Cette recension a été publiée dans le numéro d’été de Politique étrangère
(n° 2/2018)
. Hans Stark, secrétaire général du Comité d’études des relations franco-allemandes (Cerfa), propose une analyse de l’ouvrage de Christian Schubert, Der neue französische Traum. Wie unser Nachbar seinen Niedergang stoppen will (Frankfurter Allgemeine Buch, 2017, 320 pages).

La Frankfurter Allgemeine Zeitung (FAZ) est, on le sait, un très bon journal. On sait aussi que ce journal n’est pas insensible aux idées et positions que l’on peut classer à la droite libérale du spectre politique allemand. Si le correspondant économique de la FAZ à Paris depuis 2004 se livre à une analyse de l’évolution économique de la France durant ces deux ou trois dernières décennies, on ne s’étonnera donc pas que celle-ci soit plutôt critique. Pourtant, Christian Schubert ne se livre nullement à un French bashing gratuit, ni à une description misérabiliste de l’économie française. Bien au contraire, sur 320 pages il développe les forces et faiblesses économiques du principal partenaire et voisin de l’Allemagne, et donne à lire une analyse globalement équilibrée, qui en apprendra certes plus au lecteur allemand qu’au lecteur français. Mais celle-ci est intéressante dans la mesure où elle nous livre avec précision l’image que les milieux d’influence en Allemagne ont de la France.

Sans surprise, Schubert s’attaque d’abord à nos maux : la désindustrialisation, notamment dans le Nord et dans l’Est, les échecs consécutifs des politiques de l’emploi, la résignation face au chômage et notamment celui des jeunes et des seniors, sans oublier les « ravages » (selon l’auteur) provoqués par les 35 heures. Il consacre également des chapitres aux tensions dans les banlieues (y compris dans le contexte de la radicalisation islamiste), ainsi qu’au rôle des syndicats, au fort potentiel de nuisance mais peu représentatifs. Enfin, Christian Schubert ne travaillerait pas pour la FAZ s’il n’établissait un lien entre la politique budgétaire (systématiquement déficitaire depuis le début des années 1970) et la situation économique, et entre cette dernière et l’endettement public (17 % du PNB en 1981, presque 97 % du PNB en 2017).

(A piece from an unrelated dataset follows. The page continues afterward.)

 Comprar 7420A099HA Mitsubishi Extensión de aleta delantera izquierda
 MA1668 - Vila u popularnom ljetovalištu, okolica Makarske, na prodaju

Trois chapitres consacrés à l’histoire économique de la France depuis le XVIIe siècle permettent à l’auteur de souligner que le pays a d’abord inventé le libéralisme pour ensuite le rejeter, et à quel point les structures traditionnelles de l’économie française s’inscrivent dans la durée et le subconscient collectif de toute une nation. Mais ce constat ne le rend pas pessimiste pour autant quant à l’évolution future du pays. Le dernier tiers de l’ouvrage décrit avec précision les atouts de la France : une infrastructure qui n’a pas son égal en Europe, une formation des élites de très haut niveau (on aurait aimé que Schubert parle aussi de ceux qui n’en font pas partie). Un réseau de très grandes entreprises parfaitement intégrées dans les échanges mondiaux (mais Schubert évoque aussi les énormes difficultés des petites PME traditionnelles), une culture et une audace entrepreneuriales considérables, un exceptionnel savoir-faire technologique (notamment dans l’aéronautique), et surtout une e-economy s’appuyant sur des start-ups bénéficiant d’une vraie longueur d’avance sur leurs concurrents européens. Il ne manque donc plus qu’une force réformatrice pour éveiller ce potentiel. Et Schubert ne cache pas qu’il la voit s’incarner en Emmanuel Macron, élu à l’Élysée peu de temps avant la publication de cet ouvrage.